I ruined a maternity tank and DD has ruined way too many new school clothes already. On her new organic sweatshirt- I am trying everything- all the taboo stuff from past- from Color Safe clorox (I had to dig deep in my dad's stash for that), Zout, this after trying Charlies All Purpose, and then vinegar. I'm so sad it may be ruined. I may even look for a patch to cover the stain with today.








But I'll give the hydrogen peroxide a try and I may have a drop of bio kleen left.

I think its a riot there is actaully a thread about this. I was going to call Silk today and see if they had any recommendations!!!!


----------



## jrabbit (May 10, 2008)

YES, hydrogen peroxide will get it out! It may take several applications, but I would bet money on it (and I'm really NOT a betting woman). I've had clothes that are stained with all types of chocolate (addict), and nothing works as effectively as h2o2. EVEN on a shirt that I had soaked in oxyclean, and given up on - so it was washed & dried multiple times before I decided to try the h2o2 months later!

My original method of just pouring it on the stain and letting it sit overnight in the sink ... wasted a lot of h2o2, and while it's cheap, I'm more into efficiency. Now, it's in a spray bottle.







I have had the best luck with food stains - and those strange yellow stains that appear out of nowhere - and some old old ring-around-the-baby-spit-up-collar stains, sometimes.

If the stain doesn't come out the first time, reapply. I think some stains took 3-4 tries.

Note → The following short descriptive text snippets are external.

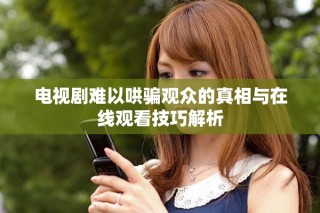 电视剧难以哄骗观众的真相与在线观看技巧解析
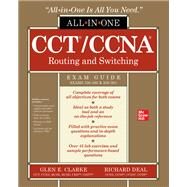 CCT/CCNA Routing and Switching All-in-One Exam Guide (Exams 100-490 & 200-301) by Clarke, Glen; Deal, Richard, 9781260469776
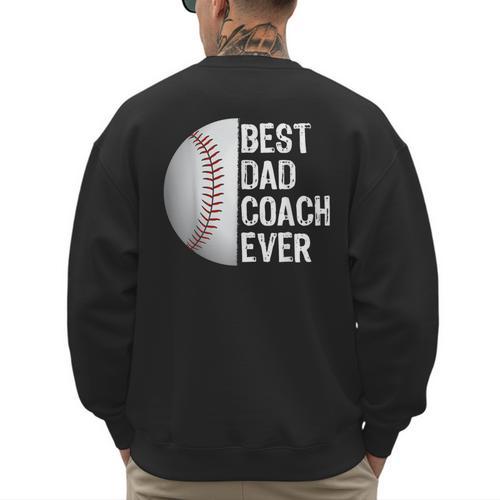 Best Dad Coach Ever Baseball For Sport Lovers Men's Sweatshirt Back Print - Father's Day Fun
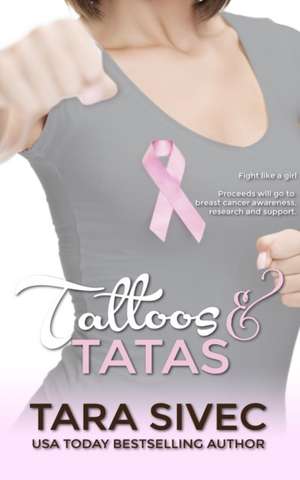 Tattoos and Tatas: Chocoholics de Tara Sivec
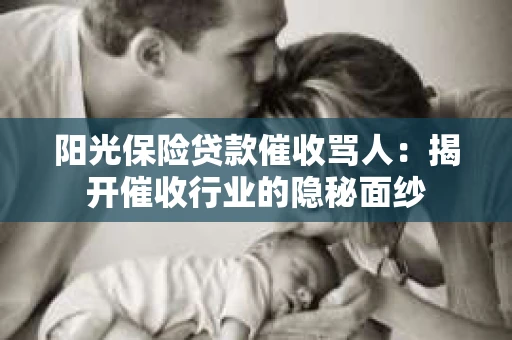 阳光保险贷款催收骂人：揭开催收行业的隐秘面纱
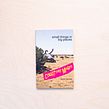 Short story collection SMALL THINGS IN BIG PLACES Ein Projekt aus dem Bereich Schrift, Stor und telling von Courtney Maum - 03.03.2010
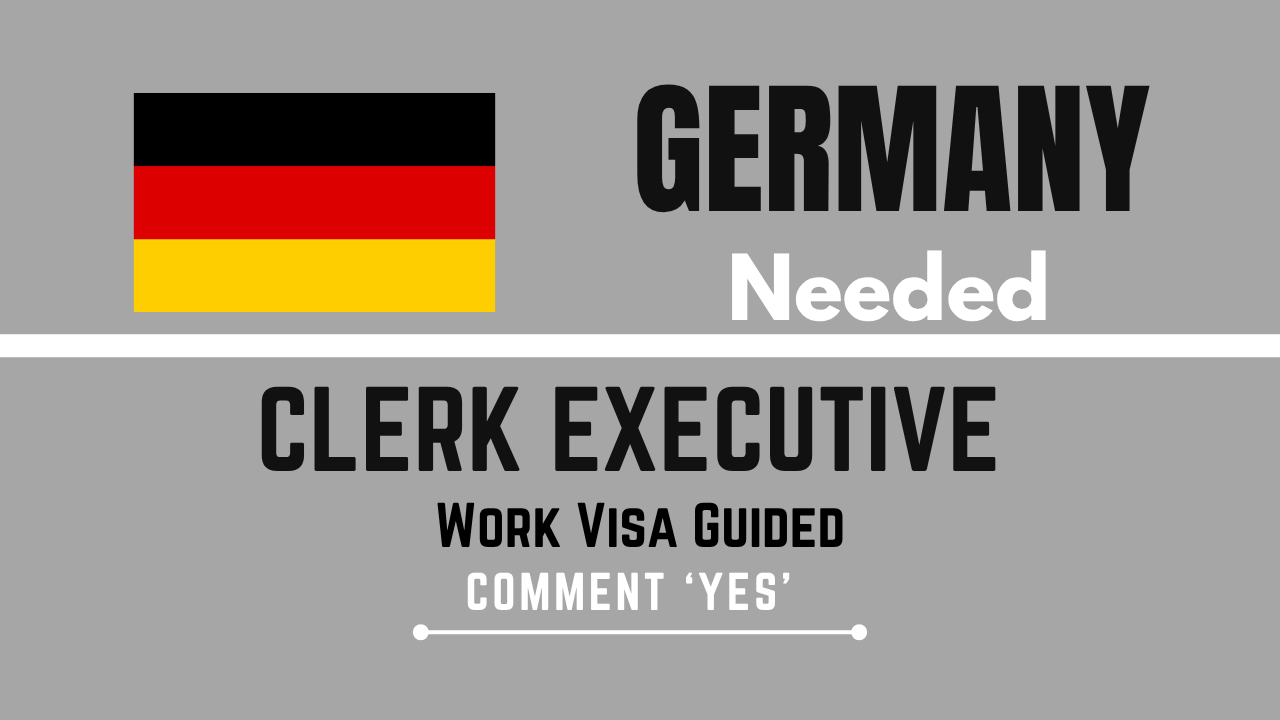 Clerk Executive job in Germany with Work Visa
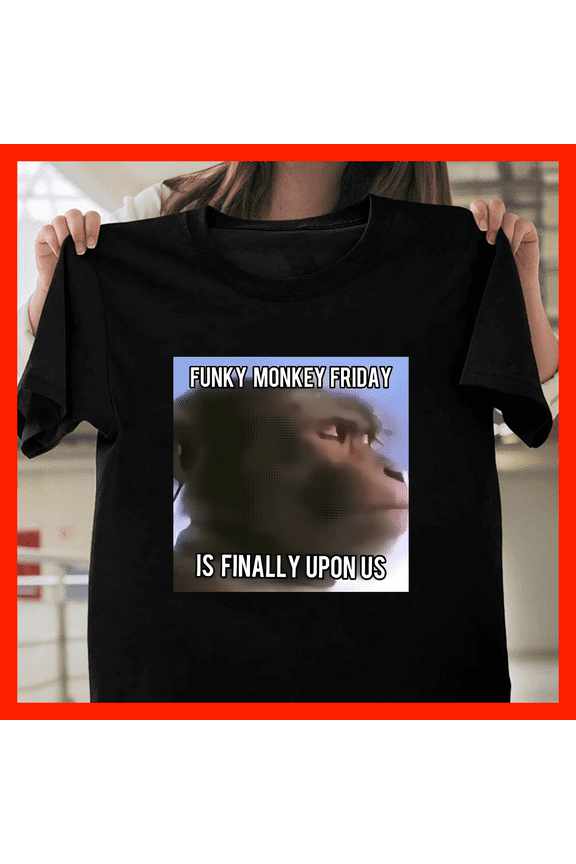 Funky Monkey Friday Is Finally Upon Us Chimpanzee Meme T-Shirt G127, Premium Unisex Tee – Extended Sizes Up to 5XL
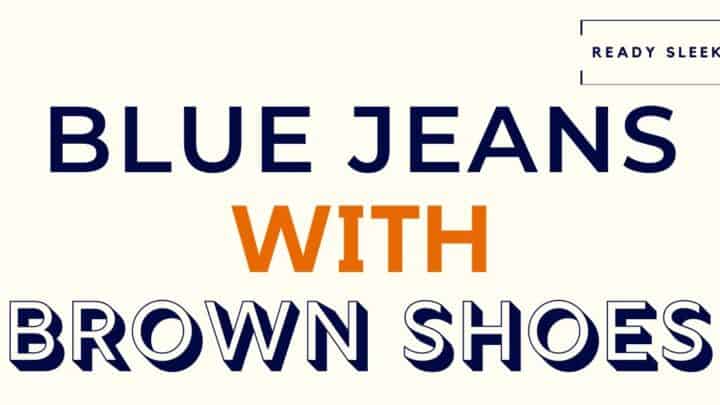 how-to-wear-blue-jeans-with-brown-shoes-ready-sleek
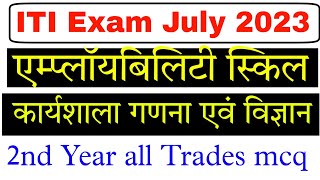 ITI 2nd year employability skill workshop calculation and science question july cbt exam 2023 [upl. by Sedecram122]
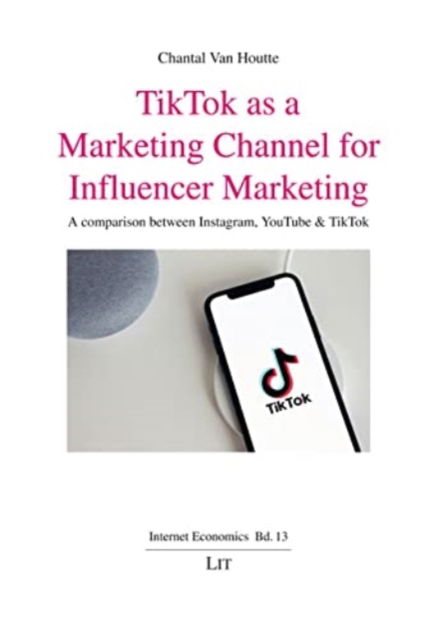 Cover for Chantal Van Houtte · Tiktok as a Marketing Channel for Influencer Marketing: A Comparison Between Instagram, Youtube &amp; Tiktok - Internet Economics / Internetoekonomie (Paperback Book) (2022)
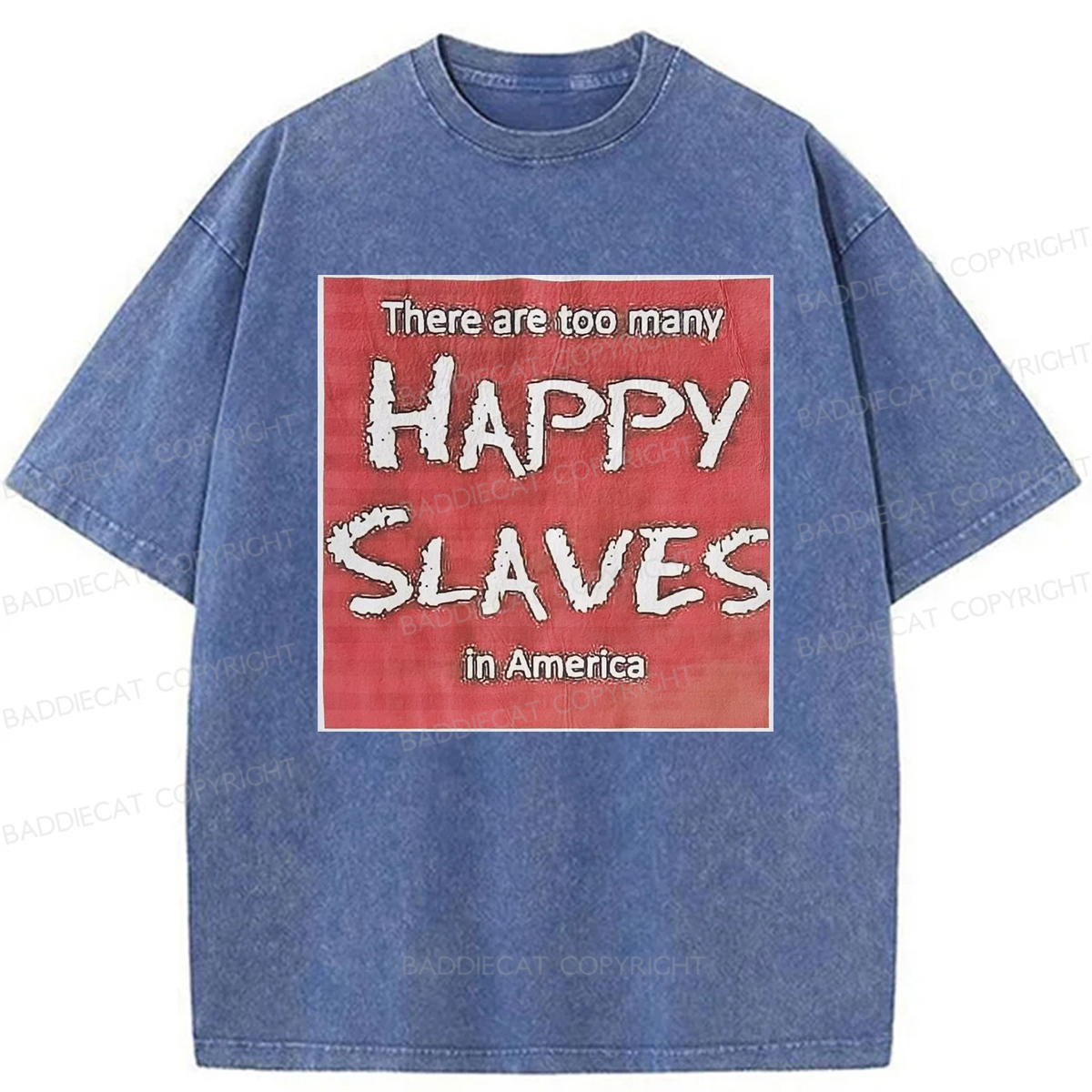 Baddiecat There Are Too Many Happy Slaves Washed T-shirt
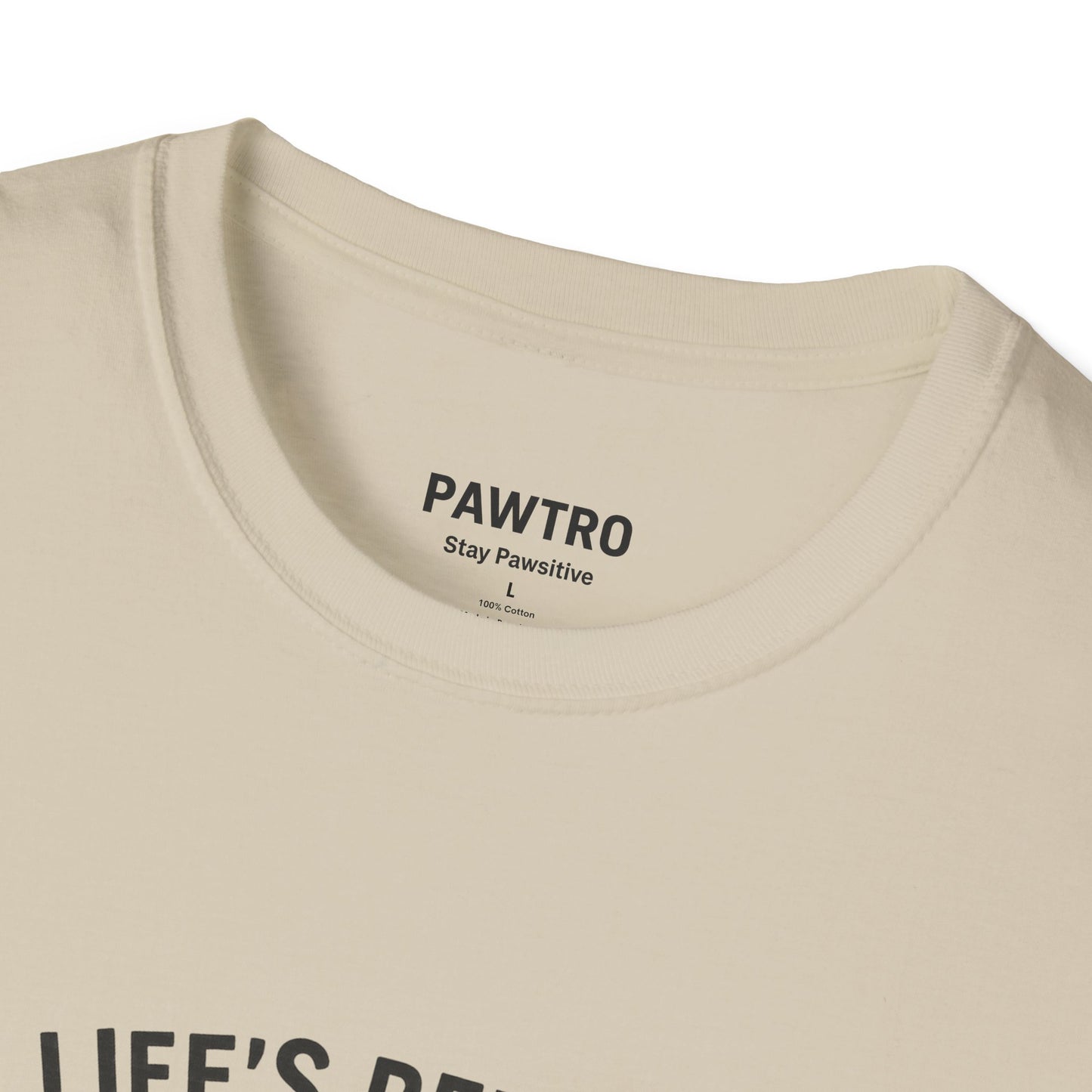 Life's Better with a Dog T-Shirt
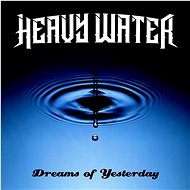 Heavy Water: Dreams Of Yesterday - Music CD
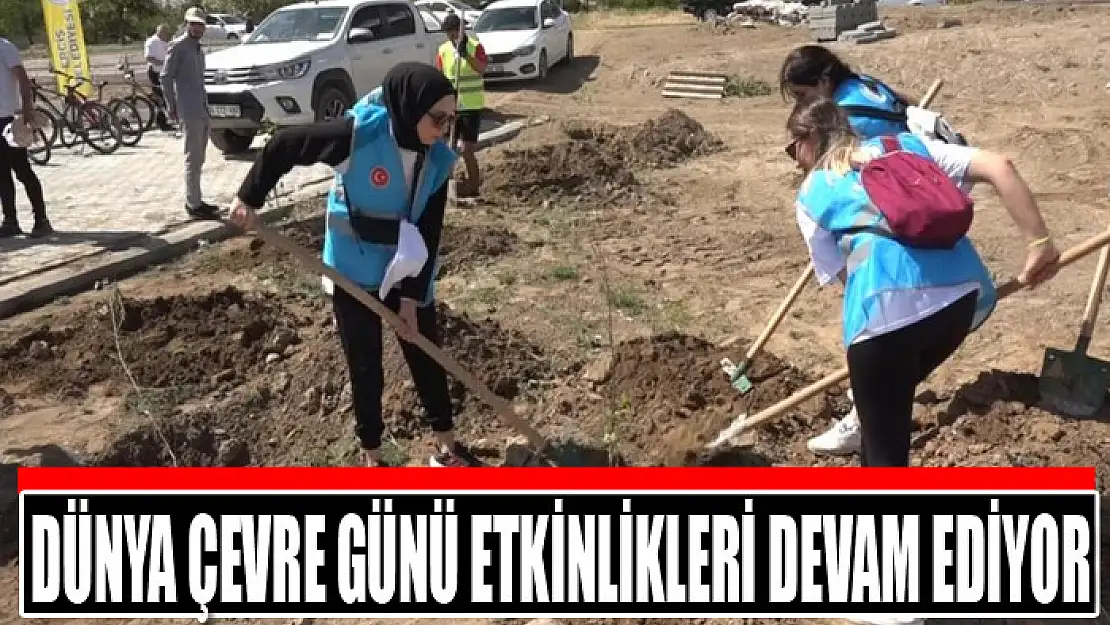 Dünya Çevre Günü etkinlikleri devam ediyor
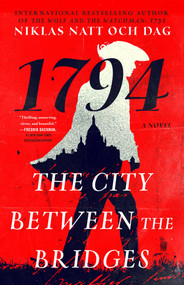 The City Between the Bridges (1794: A Novel) - 9781982145927 by Niklas Natt och Dag, 9781982145927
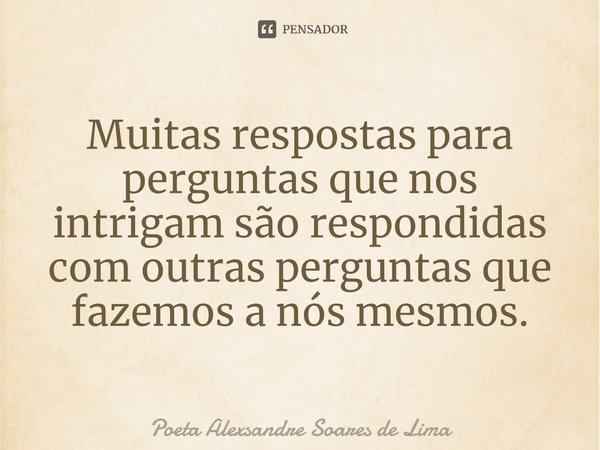 ⁠Muitas respostas para perguntas que nos intrigam são respondidas com outras perguntas que fazemos a nós mesmos.... Frase de Poeta Alexsandre Soares de Lima.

I could see fading, so I knew it was working.

**I forgot to say the first time: I have done this on many types and colors of fabric, without any fading to the original colors or patterns**

--janis


----------



## down2earthmom (Aug 24, 2014)

earth_mommy said:


> My 2 year old daughter spilled chocolate soy milk all over her new dress and the stain did not come out in the normal laundry cycle. Anyone have any stain removing tips?


Dawn dish soap and/ or kids 3 in 1 shampoo with a spinning toothbrush. Works 99% of the time. We have 600 thread Egyptian cotton, WHITE bedsheets. I put them in the tub with very hot water, apply the soap on a stain at a time and go to work with the brush. It's magic.


----------